Entirely reasonable question, but I wasn't talking about making custom layouts for each device. I'm also talking about a single UI design that is responsive to different screen sizes. But instead of supporting all iPhones, if we instead support 4.7-inch screens and above, that's less work, because there are fewer cases to handle.
Taking your example of expand/collapse, when you implement it, it's more complex than it appears when watching a Youtube video: you now have to handle three states: a collapsed state on small screens, an expanded state on small screens, and big screens, which don't have expand/collapse. This imposes more work on the designer to design for these states and make sure they're all usable and look good, perhaps with animated transitions between them.

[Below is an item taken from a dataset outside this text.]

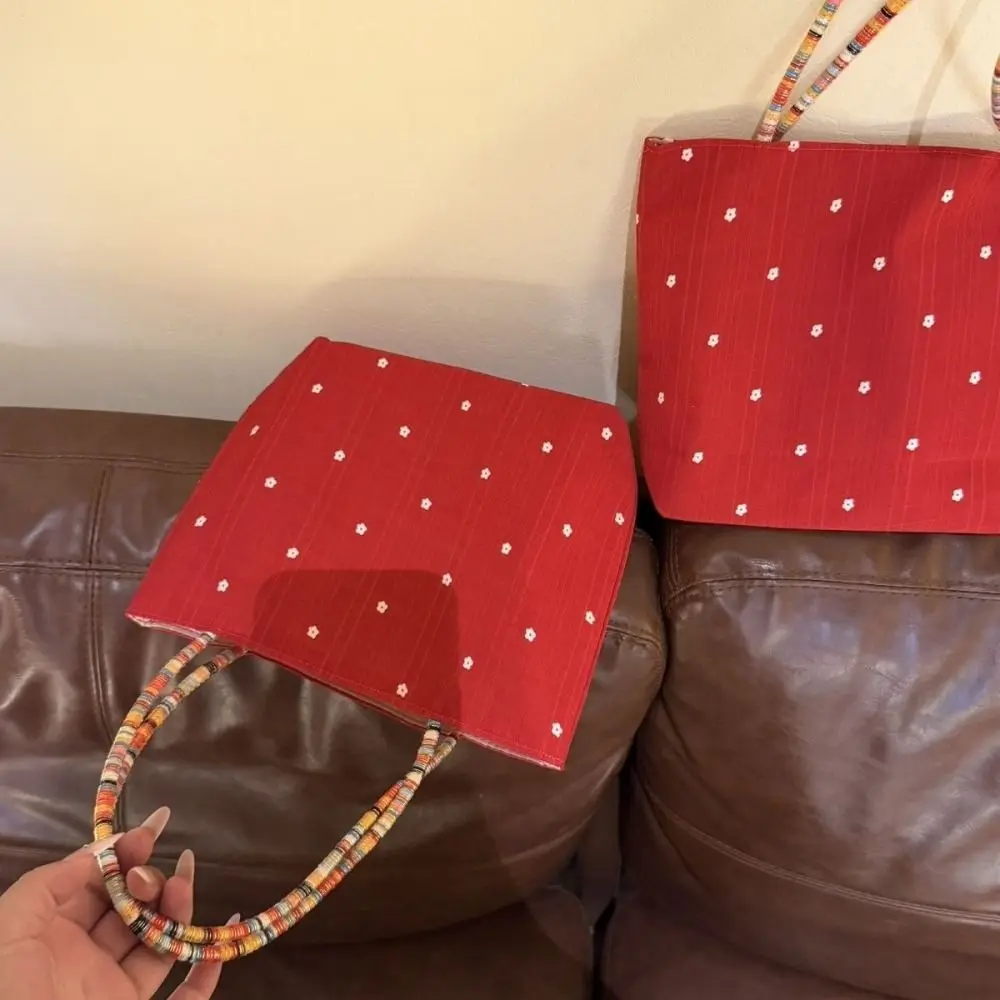 Gifts Polyester Floral Tote Bag Red Floral Pattern Large Capacity Shopping Tote Bag Handheld Contrast Tote Bag Shopping Use
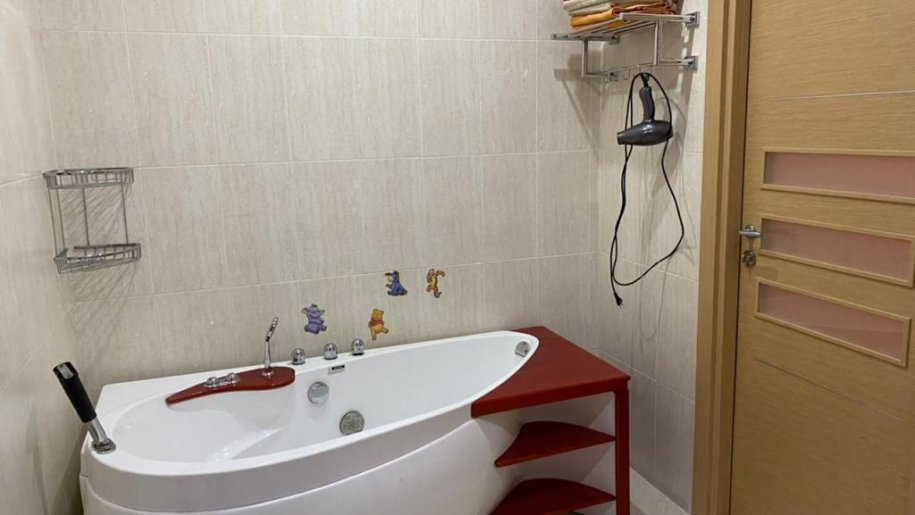 Kirayə verilir 3 otaqlı yeni tikili, 135 m², 28 May m.-20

On the engineers, who have to deal with multiple code paths and edge cases. On QA, to spend more time trying to test more scenarios on different devices. Everything sounds simple till you code it up :)

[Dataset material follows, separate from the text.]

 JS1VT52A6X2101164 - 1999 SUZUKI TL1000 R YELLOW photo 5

Now, if you could eliminate this complexity by not having to collapse the control in the first place, that would be simpler. Maybe there's enough space on the 4.7-inch screen for that.
UIs scale up better than down. I prefer to do UI design for the smallest supported screen size. If we choose to support 4-inch screens, we may have to choose a UI design that's not optimal for 4.7-inch and bigger screens, which the majority of our users actually use. Whereas if 4.7 was the baseline, we may be able to come up with a better design for most of our users.
All these problems are, of course, solvable, but if they take X amount of time to solve, is there something more beneficial you can do in that time?